An Interesting Correlation

Dr. Peterson and Dr. Farrell pointed out the correlation between deferring gratification, i.e., having patience and success in life. After sitting in hundreds of households and speaking to hundreds of families that want new cars and bigger houses but were unwilling to wait until they could afford these luxuries, I came to this conclusion years ago.

Some Advice

It’s great to know what to teach, but how do you teach it? I’ve been trying to teach my kids patience but not succeeding. I’ve been attempting to teach Jokco’s “discipline equals freedom” mantra. Showing them that you work hard first, then play afterward. We’ve talked about it, but we have not done it well.

This video helped me learn the mistake I’ve made, and I hope it will help you too. We had the reward too far from the hard work. We’d often say, “if you get all your work done this weekend, you can play video games.” One of the comments Dr. Farrel mentioned was, dads, will often play with the kids and then say something to the effect of “bedtime’s at 8, if you get your schoolwork done we can use the rest of the evening to play until bed.”

This comment was eye-opening for me. When we delay the reward of a potential promise off in the future, kids don’t always associate the desired behavior and the prize.

Dark secret here, I played a lot of poker when I was younger. Since I prefer winning, I also spent a lot of time reading books. One of the books started by talking about how human intelligence is our ability to recognize patterns. We learn if I do A, then B happens. Some examples are:

If I smile at you, you will smile at me.

If I put a coat on, I won’t be cold during the winter.

If I eat, my stomach will stop hurting.

Most people do not do well at poker because the cause and effect relationship is delayed and spread out over multiple thousands of hands. The key to winning in poker, much like life, is making good decisions. The problem comes from the randomness of poker. You can make good decisions and lose or make bad decisions and win when looking at just a few hundred hands. It takes a long time to make good decisions to learn what to do. The reward is often separated from the cause, so we do not see the pattern.

Reward Your Kids Immediately

Finance is often the say way. If you decided to start a 401k today, it might take months, maybe even a few years, before you feel like your building wealth. This delayed gratification makes a lot of people quit or even not get started. They think, “what will $100 a month really do?”

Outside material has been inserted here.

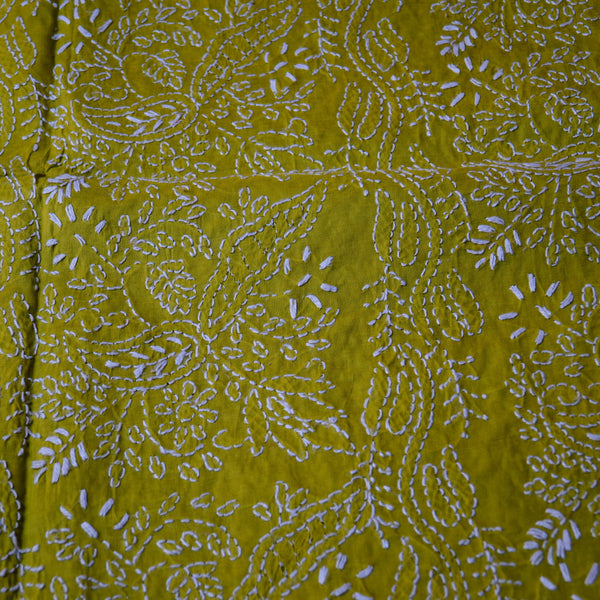 Olive - Chikankari - Kurta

If adults have a short view of the future, kids’ views of the future are even shorter. Telling a kid, do this today, and next week you’ll get a reward doesn’t work. It feels like five years from now. Let’s be honest. As parents, there are many times we even forget we owe them the reward.

What we are teaching them is not to delay gratification. We need to reward our kids immediately. Teach them to do the work and then get the reward.

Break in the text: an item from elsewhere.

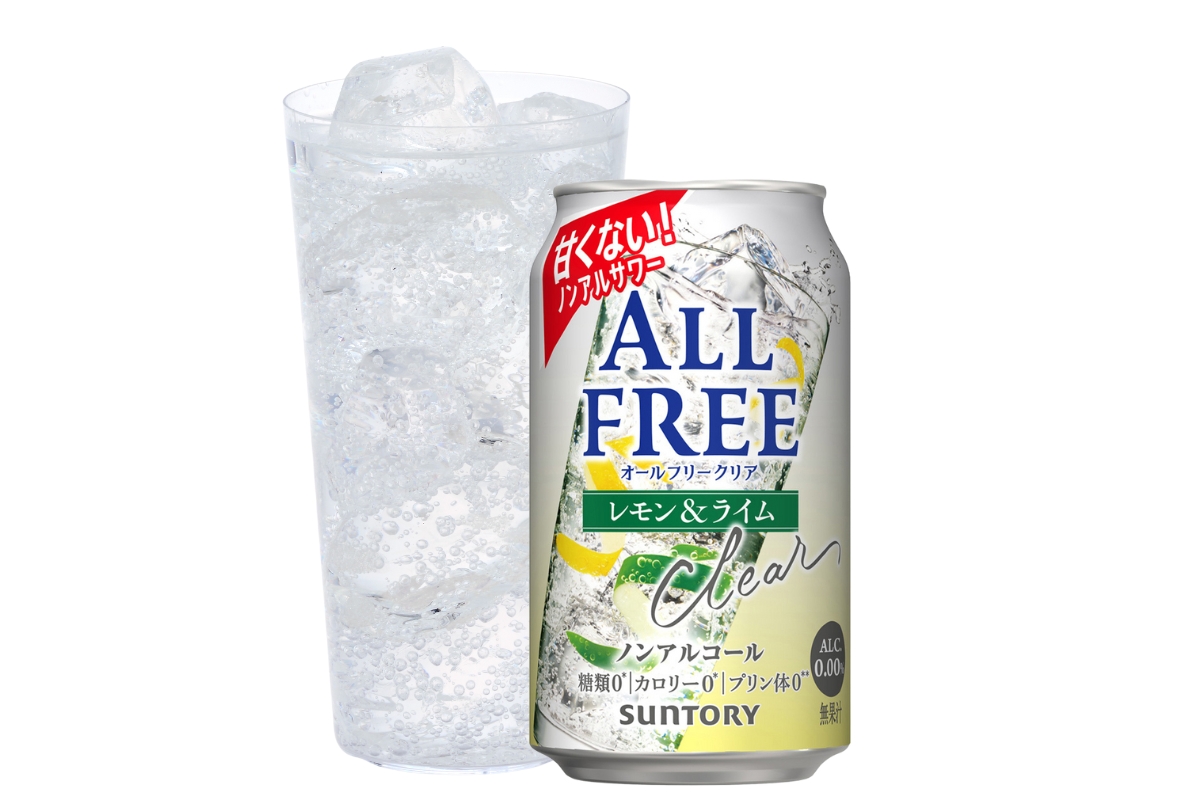 サントリーのオールフリークリア〈レモン&ライム〉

One last note on this. The reward doesn’t have to be the final reward. You can use a sticker or IOU coupon to reward them and allow them to cash in at a later point. Dave Ramsey talks about using a commission system where the kids have a “task list” for the week, and at the end of the week, you pay them for the tasks they completed. If you go with a system like this, be sure to “check them off” each day. Right after the kids complete the task, check it off. Let the reward be the celebration of checking the item off. This way, they will see the connection between the action and the reward. As they get older, the reward can come at a later time.